何の意味もないのですが、

常日頃から公言していることがあって、

「私は音楽が嫌いだ」と言い続けています。



「音楽を聴いてるやつはバカだ」とか、

「『音楽に命救われた』とか、『おいおい、大丈夫かよ?』と思っちゃうんですよね」とか、

たとえばそんなことを言えば、

音楽の名の下に、殺意に似た眼差しを向ける国民性があって、

かねてから私はその集団性が苦手なので、

あえてそのように公言しているところがあります。

現状、まだまだそのスタンスでいこうと思っております。

“殺意に似た眼差し”は言い過ぎにしても、

「音楽が苦手なんだよね」と言えば、

驚かれる、または不思議な目で見られることはよくあります。



「音楽なんてくだらない」といえば、本気でイラッとする日本国民が何%かいます。

私の趣向を語っているだけでも、一方的にイラッとされる。

「音楽嫌いなんていないだろう」という思い込みは、

「動物好きに悪い人間はいない」という無根拠かつ強引な理論と似ています。

そして「音楽が嫌いと言う者」は酷い場合、安定多数獲得の為に弾劾すらされます。

「信じられない」「お前は何も音楽の良さをわかっていない」「バカだ」、と。

「音楽とは絶対に素晴らしいものだ」と信じてやまないのです。

事実そうであると私も思いますが、それに反する者を弾劾するのは如何なものかと思います。


日本人の「音楽愛」がそんなふうに思えて、息苦しいなぁと思うことがあり、

ますます私の音楽への苦手意識は強まります。

音楽は自由であるが、「音楽愛」は時に排他的で、不自由を生みます。



『音楽嫌い』がいてもよい。
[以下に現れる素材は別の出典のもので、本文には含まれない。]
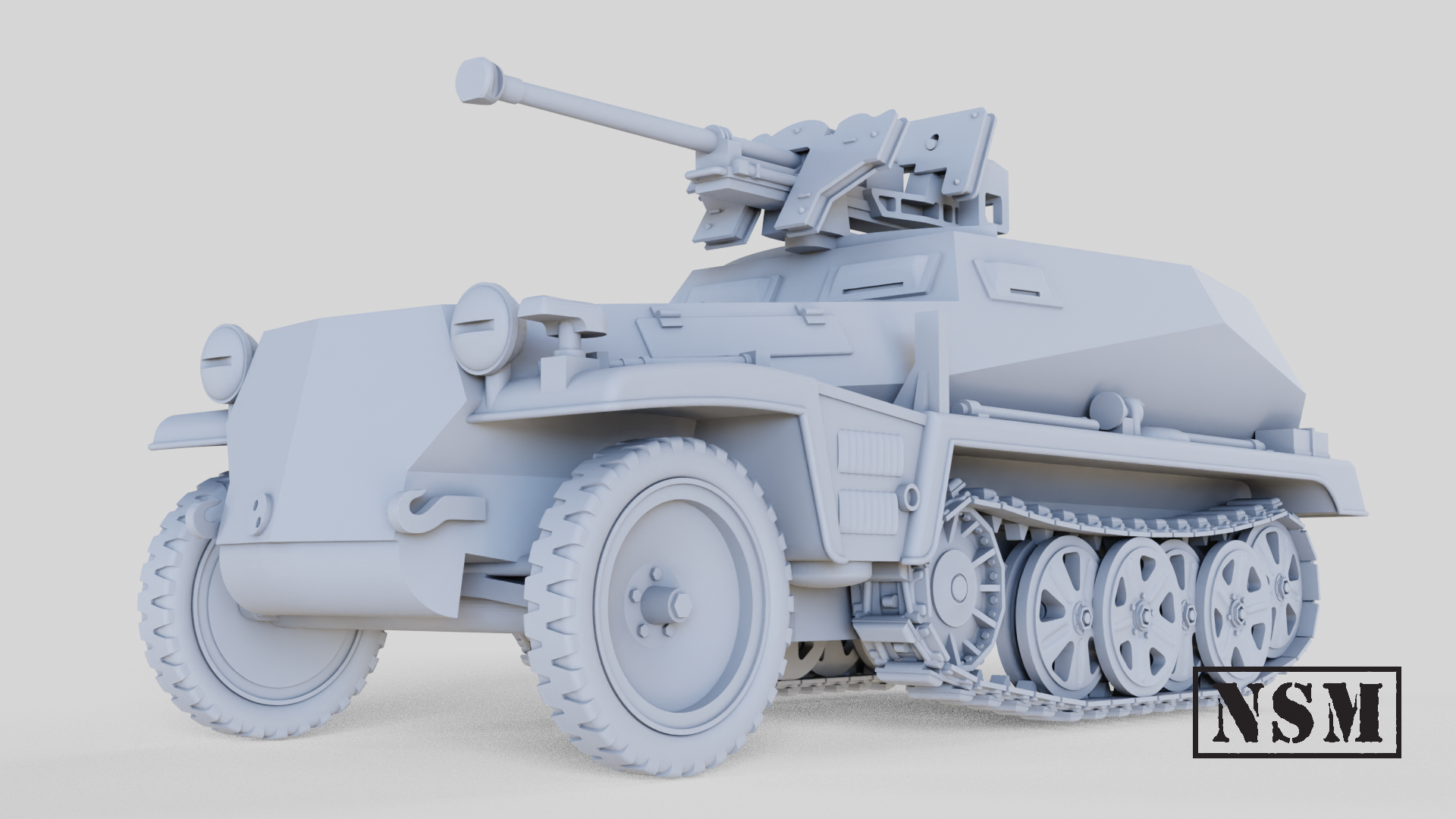 NSM Halftrack 250/11 with Panzerbuchse (Germany, WW2)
当然のことです。

しかし、日本人は音楽を好きなりすぎた。

いや、精神的に音楽に救われる者が多すぎた。

「聴く」のではなく、精神的支柱として、

「すがる」ようにして音楽を愛してしまった。

楽しい時は楽しくなる音楽を、
悲しいときは元気の出る音楽を、
失恋の時はこの曲、思い出の曲はこの曲を、、、

というような聴き方で、

個別の感情や環境を抜いて、

『音楽そのもの』を理性的な耳をもって客観的に芸術評論することを蔑ろにしてしまった。

はたして「感情を動かすことが音楽の真髄」なのでしょうか。

勿論、それはひとつとしてあげられるのでしょうが、

芸術という一点で観たとき、

個人の都合のよい「感情」によって振り回されない、作品に宿る「芸術的美」というものも冷静に判断せねばなりません。

(一例としてあげれば、「構造の美しさ」などが。また、「歴史上」の文脈における、美の継承とアヴァンギャルドな手法など。)


あえて極論をいえば、「私の感情」なんてどうだっていいんです。

「私の個別感情」によって、その音楽の芸術純度が変わってしまうならば、

一体、音楽芸術の普遍性など見えるはずもありません。

芸術的美は、「感情」によって左右されず、減退もせず、有無を問わず「一定」であるからこそ、

それは文化・文明として国、世界、歴史において価値があるのではないでしょうか。



私は絵画も文学も、書道も大好きですが、

「絵画とか文学とか、根暗だし嫌いだよ」と言われても一向にかまいません。
理解や同意を求めません。

ところが、「音楽」にいたってはそのような発想が

もはや国民的な感情として、生まれにくいようです。

「音楽が好きであること」が一般であり、常識のようにして取り扱われています。

それが日本人の音楽愛の、一部現状です。



日本人は「感情」という「食欲」で音楽を食い過ぎた。

音楽を冒涜することは感情を冒涜していることのように錯覚してしまう。

さらには「食べ過ぎてダイエットする」、食べ過ぎて気持ち悪くなるという、

裕福な国の歪んだ贅沢のようにも見え、

腹を満たす為だけに音楽を聴き、そこに味わうなどという意識が少ないように思います。




「音楽の力」を声を大にしてバカにしたとして、

日本人の数%がイラッとするかもしれません。

それはそれで日本人の“熱狂的”な音楽愛だとも思います。

しかし、“救われた”、“勇気をもらった”などという感情では、

「音楽」は救われないのではないでしょうか。
「音楽」は勇気を与え続けられるでしょうか。

芸術として継続していくのでしょうか。

“音楽嫌い”である私にとっては、無くなっても別になんら構いませんが、

感情という空腹感と食欲で消費され続ければ、

音楽は芸術要素という骨のない抜け殻となり、漂い、浮遊し、

そして、どこか遠くへ飛んでいってしまうのではないか、そんなふうに思うことがあります。